The Arc A730M is, as hardware geeks will probably surmise from the name, not a full-fat implementation of the "ACM-G10" chip, otherwise known as DG2-512. Compared to the top-end (as we know it) Arc A770M, it drops a quarter of its shaders (down to 3072 FP32s) along with a quarter of its memory bus. It also steps down to 14 Gbps memory, giving it a final bandwidth of 336 GB/sec. Based on the specifications alone, we expect it to be a credible competitor to the mobile GeForce RTX 3060.

As the oft-repeated axiom goes, "there are no bad products, only bad prices," and while we could debate the veracity of that statement, the fact of the matter is that pricing is going to be a huge factor in the success of Arc in the market. This Machenike laptop is priced at ¥8499, or $1266 USD. That's not too bad for a modern Alder Lake laptop with a fast CPU, high-refresh display, and a pretty decent discrete GPU, although the price would surely be a bit higher if this model came to the US.

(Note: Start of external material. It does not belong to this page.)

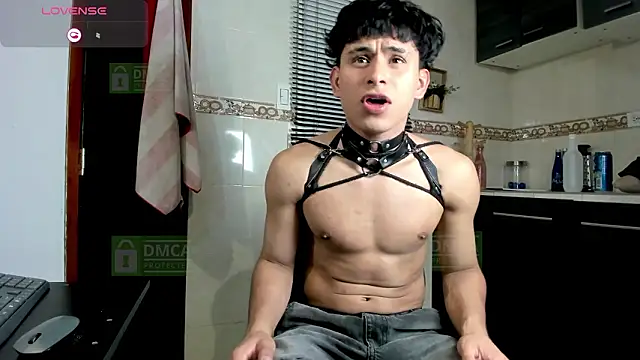 Snapshot of Jhonny-Blake chatting on February 26, 9:03 pm Jhonny-Blake online show from February 26, 9:03 pm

We already knew Intel was going to launch its next Arc GPUs in China, so the geographic location of this launch isn't a surprise. It is a little surprising that this laptop is launching with no fanfare from Intel, though. It will be interesting to see if any Chinese outlets snap up this machine and put it through its paces; we'll let you know as soon as we have real-world performance figures on it.